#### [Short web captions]

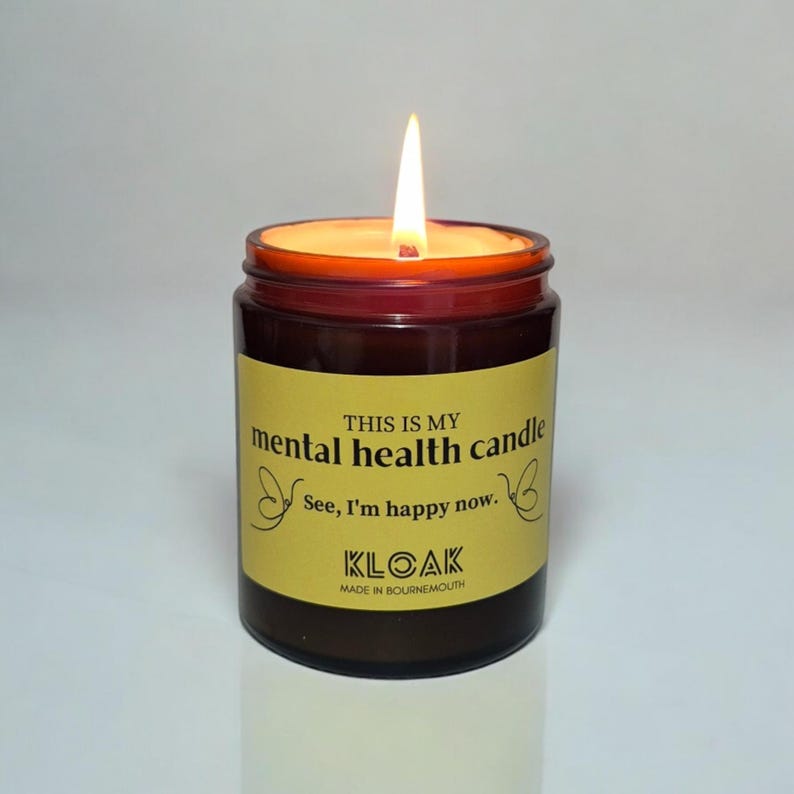 May include: A burning candle in a brown glass jar with a yellow label. The label says "THIS IS MY mental health candle See, I'm happy now." The candle is from KLOAK, made in Bournemouth.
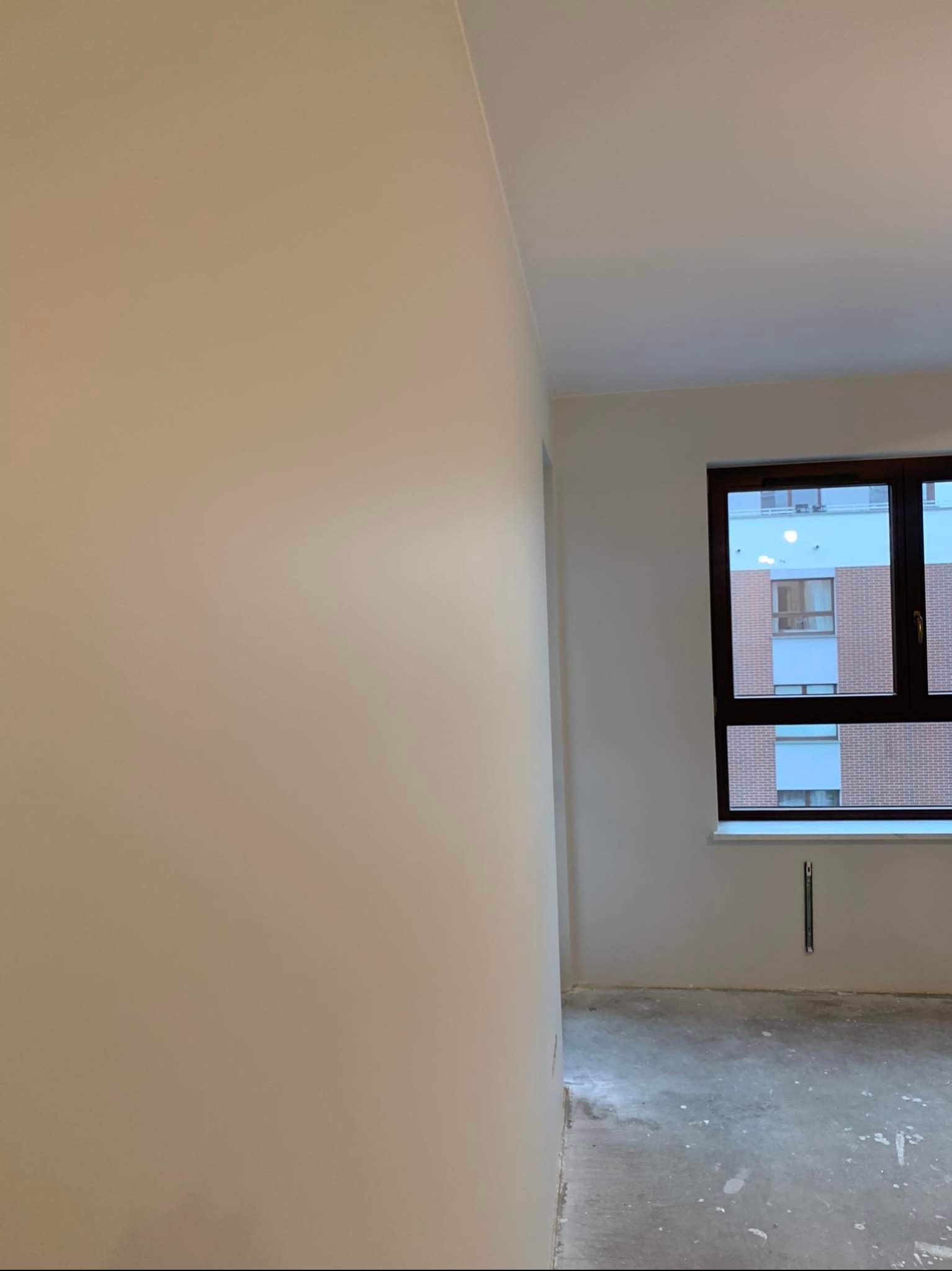 Świeżo pomalowane na beżowo ściany w pustym pokoju z widokiem na budynek z cegły przez ciemnobrązowe okno; podłoga w stanie surowym.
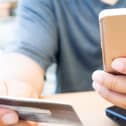 A person looks at their bank card and mobile phone. PIC: Alamy/PA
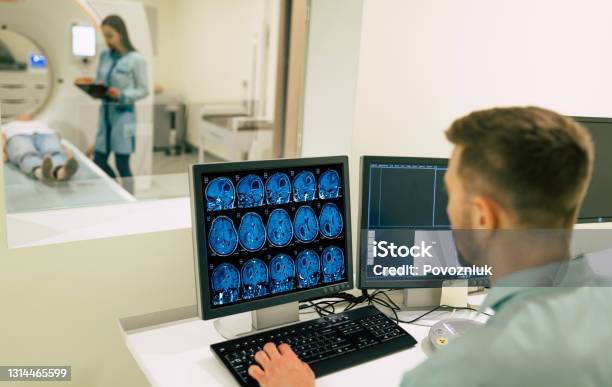 Back View Photo Of A Male Doctor Sitting Near The Computer And Looking On Patient In Magnetic Resonance Imaging Machine Stock Photo - Download Image Now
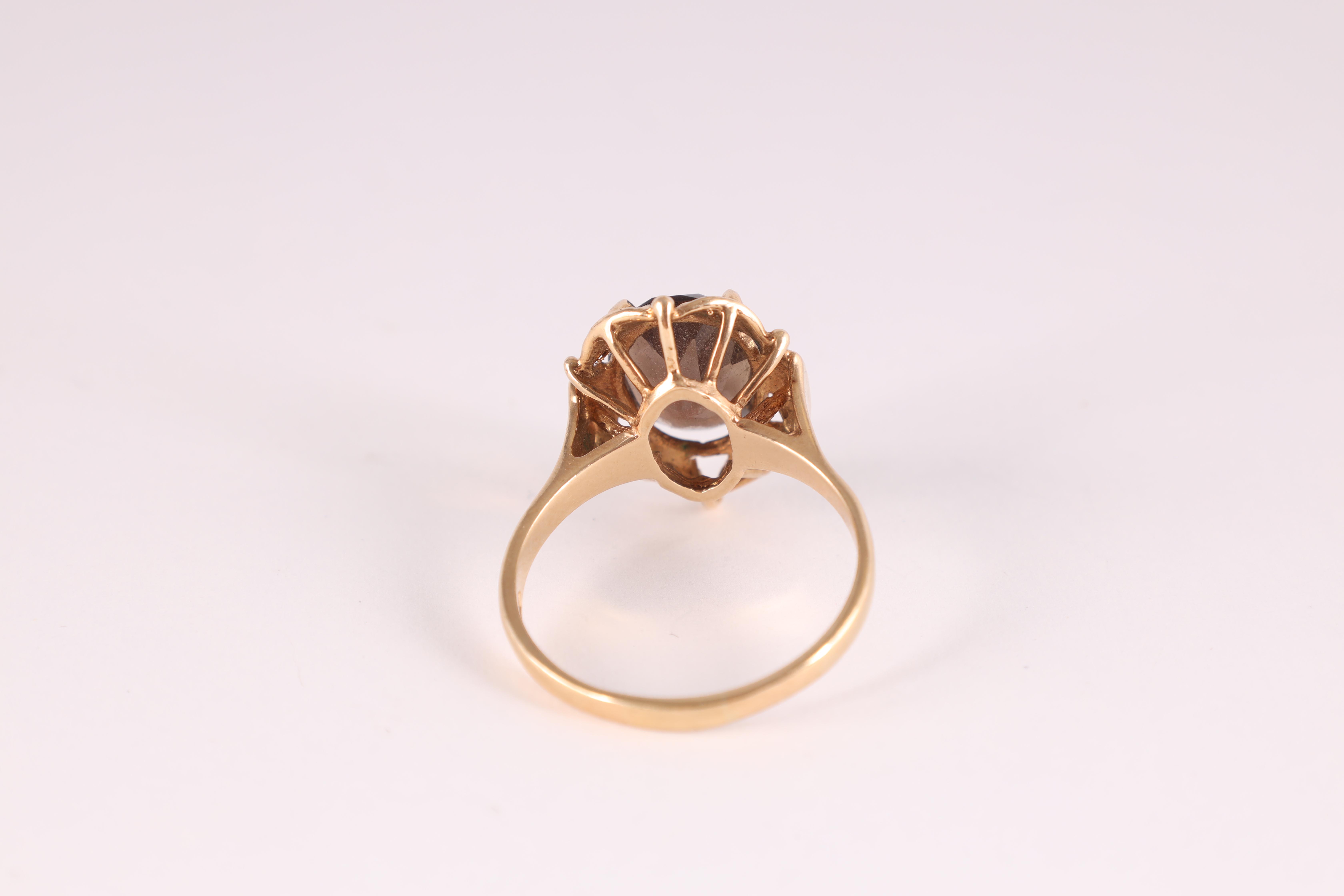 A LADIES 9CT GOLD SMOKEY QUARTZ SOLITAIRE RING the large stone measuring 10mm wide and 12mm, app. - Image 6 of 6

#### [Exercise]
Omit the pictures; set down each record exactly.

#### [Answer]
 May include: A burning candle in a brown glass jar with a yellow label. The label says "THIS IS MY mental health candle See, I'm happy now." The candle is from KLOAK, made in Bournemouth.
 Świeżo pomalowane na beżowo ściany w pustym pokoju z widokiem na budynek z cegły przez ciemnobrązowe okno; podłoga w stanie surowym.
 A person looks at their bank card and mobile phone. PIC: Alamy/PA
 Back View Photo Of A Male Doctor Sitting Near The Computer And Looking On Patient In Magnetic Resonance Imaging Machine Stock Photo - Download Image Now
 A LADIES 9CT GOLD SMOKEY QUARTZ SOLITAIRE RING the large stone measuring 10mm wide and 12mm, app. - Image 6 of 6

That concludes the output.